Using This Calculator

Based on your answers to a few assumptions, our debt calculator can quickly determine how much of your disposable monthly income is going toward paying down your debt. If your estimated monthly loan repayments exceed 45% of your disposable income, it may be financially challenging for you to make these payments if you can’t increase your income or restructure your debts. If your DTI ratio is even higher — more than 70% — it may be time for you to consult with a debt advisor. For the purposes of this calculator, a DTI ratio below 45% falls within reasonable limits based upon your current income and debt repayments.

A summary table and pie graph also are generated by this calculator to help you better understand the impact of your debt on your overall finances.

About Your Inputs

Our How Much Debt Is Too Much? Calculator asks you several questions about your income, mortgage and consumer debt to help you assess your current level of debt:

  • Monthly after-tax income – Enter a total dollar amount for the net income you earn each month after you pay all your required taxes.
  • Monthly mortgage payments – If you carry a mortgage on your home, how much do you pay each month in principal and interest? (If you escrow money to pay property taxes and insurance, you should not include these expenses in your monthly mortgage payment.)
  • Total outstanding balance on consumer debt – Include here your current balance of consumer debt that you owe.

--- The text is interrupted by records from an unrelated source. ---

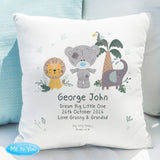 Personalised Tiny Tatty Teddy Jungle Animals Cushion: 4 - Cushions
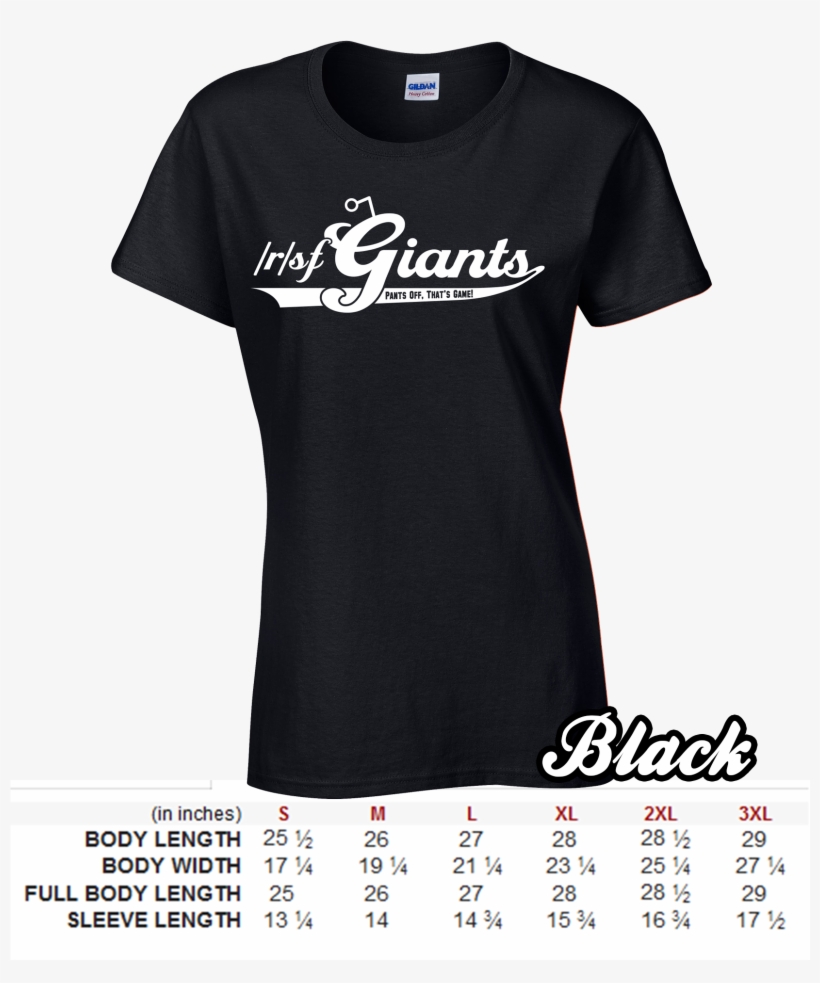 /r/sfgiants Women's Shirt, transparent png download
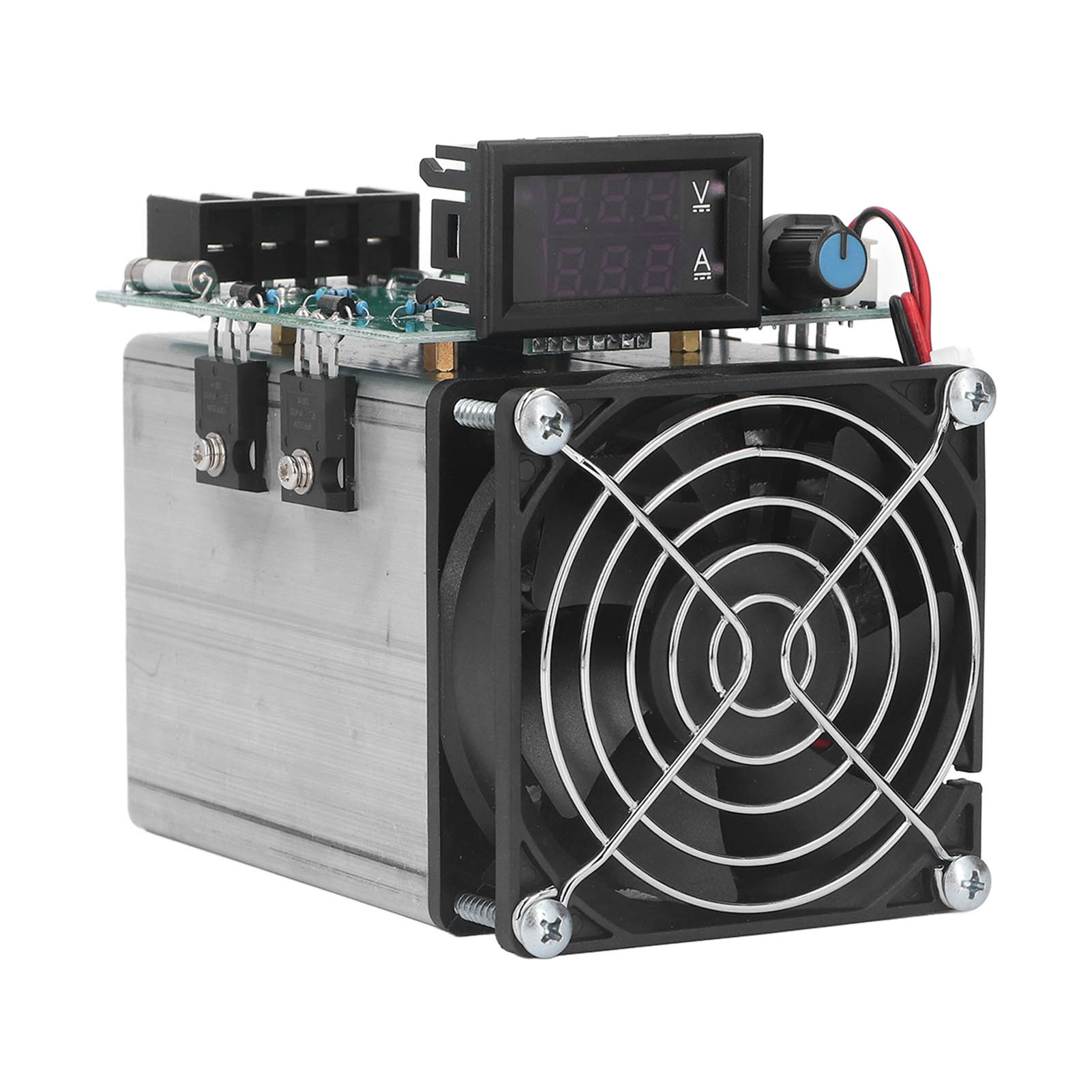 Batteriekapazitätstester, 12v Dc Elektronisches Entlademodul, 0-20a Strommonitor, 250w Leistung, Lade- Und Entladeregler.
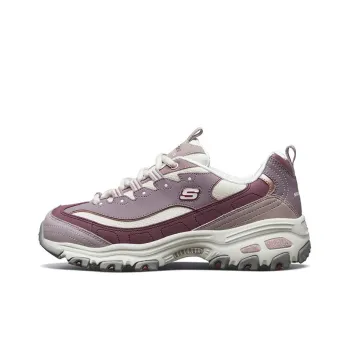 Skechers D'lites 1.0 Gs PurpleWhite 'Purple White' Women's
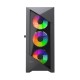 Gembird CCC-FC-900ARGB Gaming computer case Fornax 900, ATX, black Gembird CCC-FC-900ARGB Gaming computer case Fornax 900, ATX, black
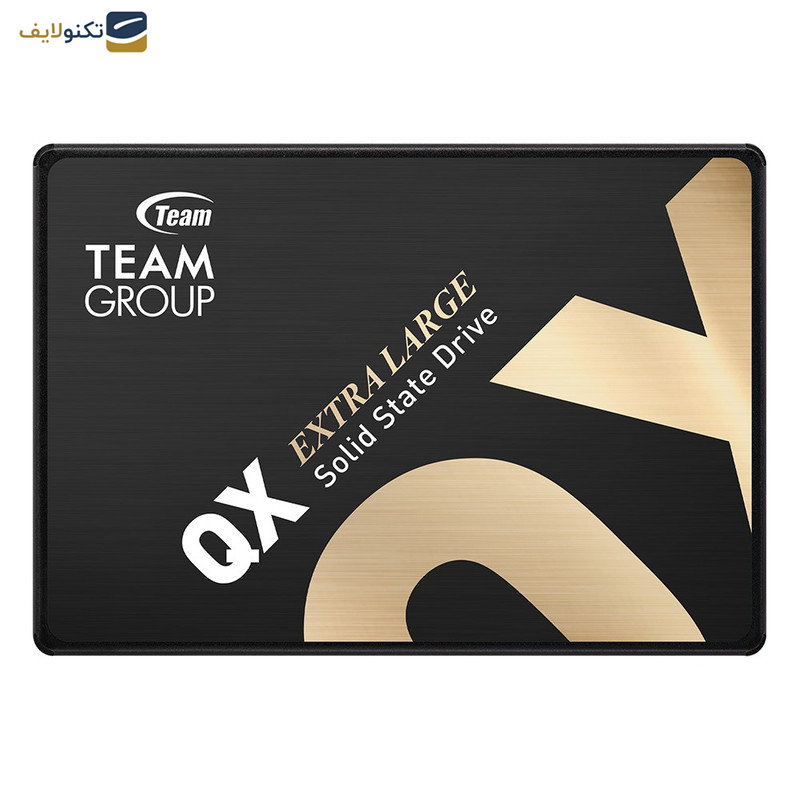 اس اس دی اینترنال تیم گروپ مدل QX SATA ظرفیت 512 گیگابایت اس اس دی اینترنال تیم گروپ مدل QX SATA ظرفیت 512 گیگابایت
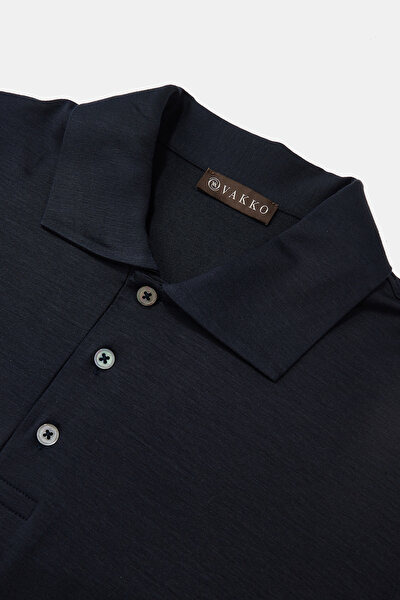 NAVY BLUE SHORT SLEEVE TSHIRT 3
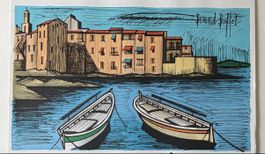 Rare litho/affiche de Bernard Buffet 1996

This amount includes credit cards, car loans, personal loans and consolidated debt loans. Do not include your mortgage payment.

About Your Results

After filling in your amounts for the financial assumptions, this How Much Debt Is Too Much? Calculator reports back your estimated monthly loan repayments and what percentage of your disposable monthly income this amount is. It will also indicate your level of difficulty in making these payments and offer possible recommendations on actions for you to take to address your current amount of debt. A summary table lists your take-home pay, mortgage payment, other debt (calculated as 2% of your current balance) and disposable income in dollar amounts as well as your short-term debt, mortgage payments and remaining disposable income as percentages of your take-home pay. 

A Debt Servicing to Income illustration also shows your mortgage, debt payments and disposable income as different colored segments (with percentages) of a pie graph.